→ **Problem to work on**:
In the records below, reproduce exactly the lines from the one containing "This is all" through the one containing "I'll just go", both included, and omit the pictures.

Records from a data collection

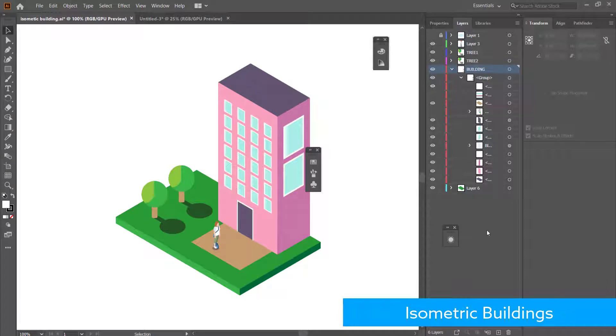Hi and welcome to the next tutorial. In today's lesson we'll be looking at how to create an isometric building using Adobe Illustrator. Let's jump in.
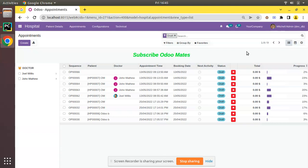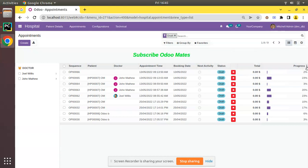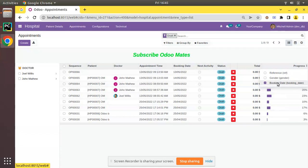Currently I have opened the appointment tree view where we have got three dots at the end of the header. The use of these three dots is if I need to make any extra field visible in the tree, I can simply click on that and that field will be getting displayed.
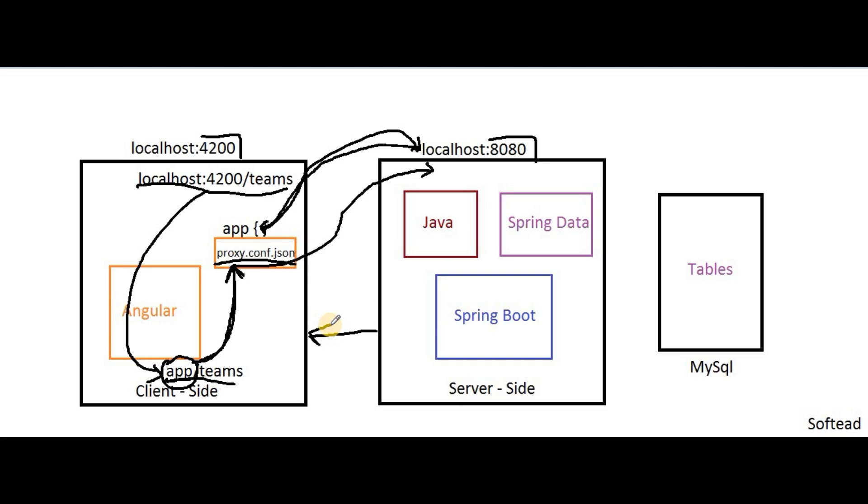This is all about the configuration, the process flow, and the communication between the client-side and server-side application. We are going to see this configuration in upcoming videos. First, let us build the server-side application, then we will move towards the client-side application. If you like my videos, please share it and show your support by subscribing to my channel. Thanks for being aboard, thank you again.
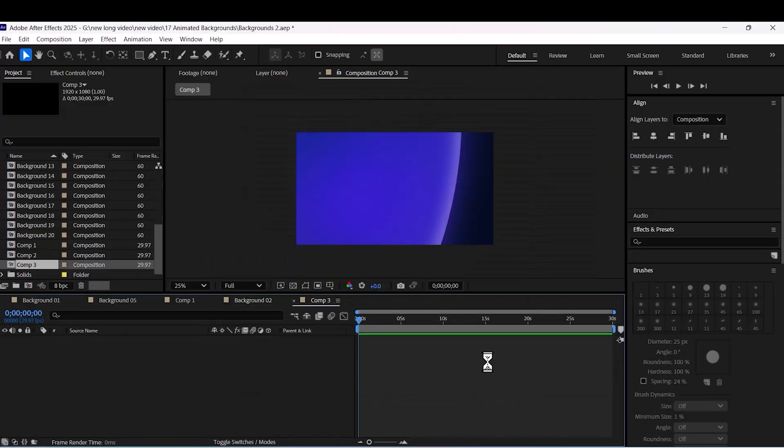Want your videos to pop with modern, smooth and eye-catching backgrounds like this? You're in the right place!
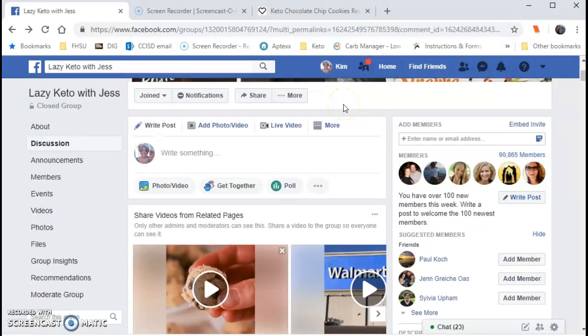Good morning, Lazy Keto with Jess. This video tutorial is going to show you how to upload your own files to our group for future use for you and everybody else.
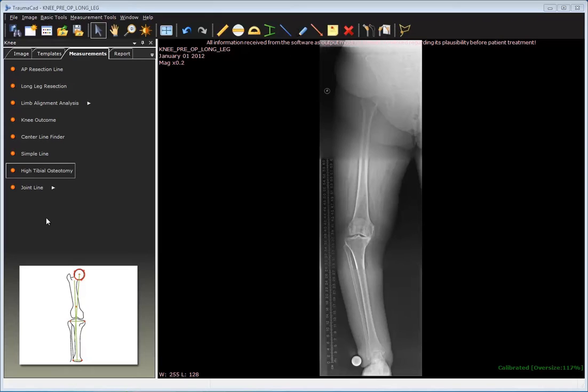The tool calculates the angle of the osteotomy which should be opened in order to create the shift of the axis.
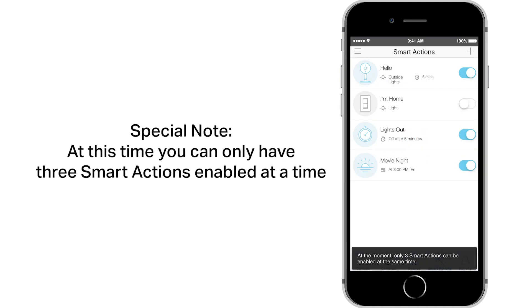A special note: you may have only 3 smart actions active at one time.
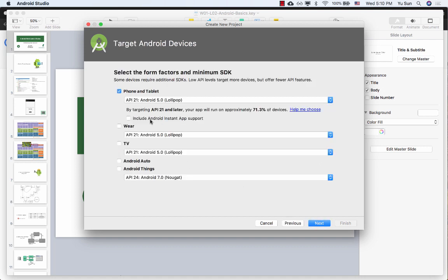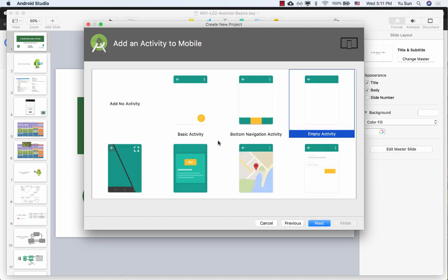Next, the API version. 5.0 sounds like a good version — the higher, the easier to develop. The higher version is better for developers, but the problem is the higher the version, the fewer users you can cover. So you need to find the balance. 5.0 gives you a pretty good balance in terms of coverage and ease of development. For now, I'd uncheck this option — let's stick to the style I'm using unless you're already familiar with the new features and new structures.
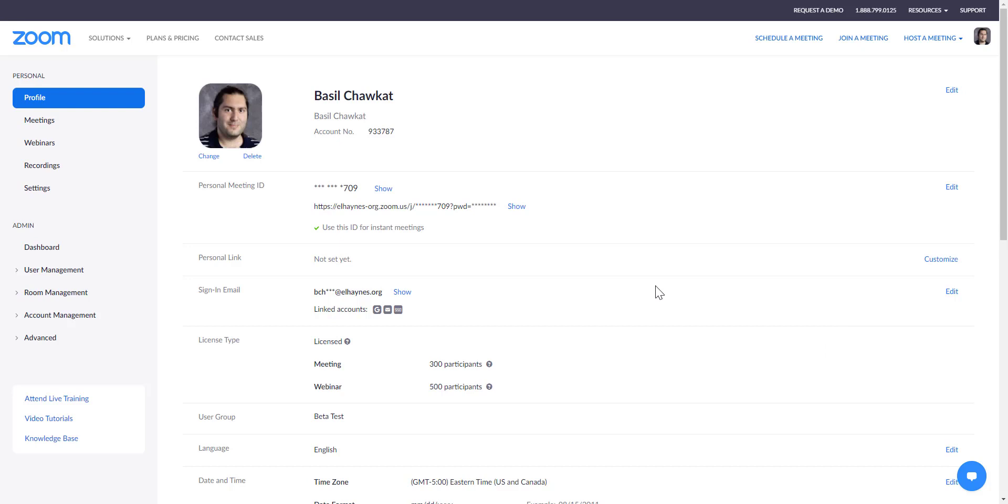Zoom has recently enabled a feature that allows us to add temporary exceptions, guests if you will, to those meetings using a single invite list. So I'm going to show you how to do that right now.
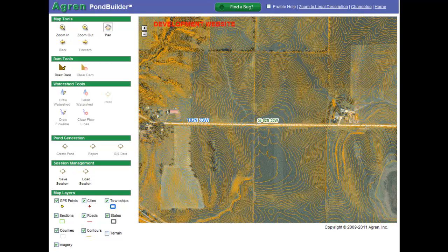In this tutorial I'm going to demonstrate how to draw a dam, how to draw a watershed, and how to draw flow lines using the Pond Builder program.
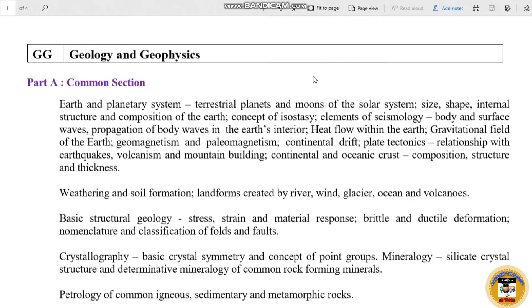Hello guys! Welcome to Mr. Engineers! What we are going to talk about today is Geology and Geophysics. We are going to talk about the GATE syllabus, which you can denote as G and G.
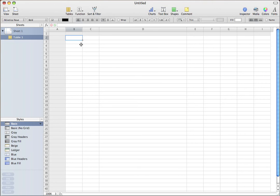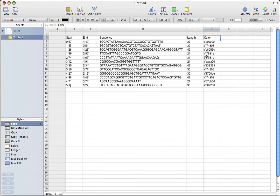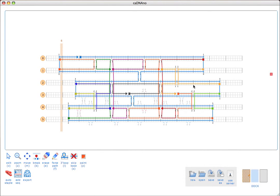I'll just go into Numbers and paste the sequences into the spreadsheet. We just see the same information we have here. One cool thing we can do with the spreadsheet is actually use it to group our oligos if we want to pipette them in different groups when we're actually doing a folding experiment.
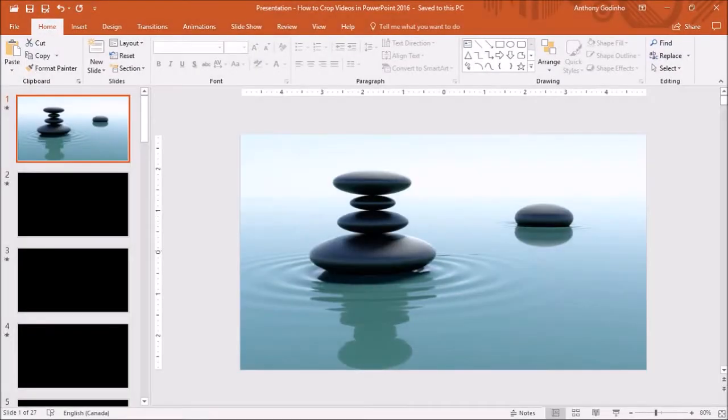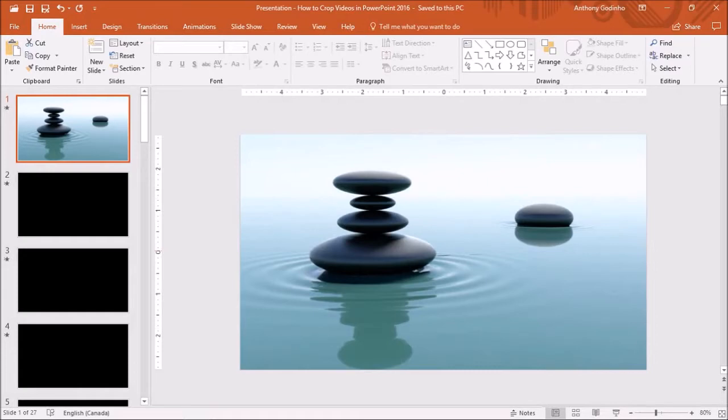I will be using this video as an example to demo the crop tool in PowerPoint. So obviously, we need to first copy and paste the video on the blank slide like I have here.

→ **Finished task**:
This is all about the configuration, the process flow, and the communication between the client-side and server-side application. We are going to see this configuration in upcoming videos. First, let us build the server-side application, then we will move towards the client-side application. If you like my videos, please share it and show your support by subscribing to my channel. Thanks for being aboard, thank you again.
Want your videos to pop with modern, smooth and eye-catching backgrounds like this? You're in the right place!
Good morning, Lazy Keto with Jess. This video tutorial is going to show you how to upload your own files to our group for future use for you and everybody else.
The tool calculates the angle of the osteotomy which should be opened in order to create the shift of the axis.
A special note: you may have only 3 smart actions active at one time.
Next, the API version. 5.0 sounds like a good version — the higher, the easier to develop. The higher version is better for developers, but the problem is the higher the version, the fewer users you can cover. So you need to find the balance. 5.0 gives you a pretty good balance in terms of coverage and ease of development. For now, I'd uncheck this option — let's stick to the style I'm using unless you're already familiar with the new features and new structures.
Zoom has recently enabled a feature that allows us to add temporary exceptions, guests if you will, to those meetings using a single invite list. So I'm going to show you how to do that right now.
In this tutorial I'm going to demonstrate how to draw a dam, how to draw a watershed, and how to draw flow lines using the Pond Builder program.
Hello guys! Welcome to Mr. Engineers! What we are going to talk about today is Geology and Geophysics. We are going to talk about the GATE syllabus, which you can denote as G and G.
I'll just go into Numbers and paste the sequences into the spreadsheet. We just see the same information we have here. One cool thing we can do with the spreadsheet is actually use it to group our oligos if we want to pipette them in different groups when we're actually doing a folding experiment.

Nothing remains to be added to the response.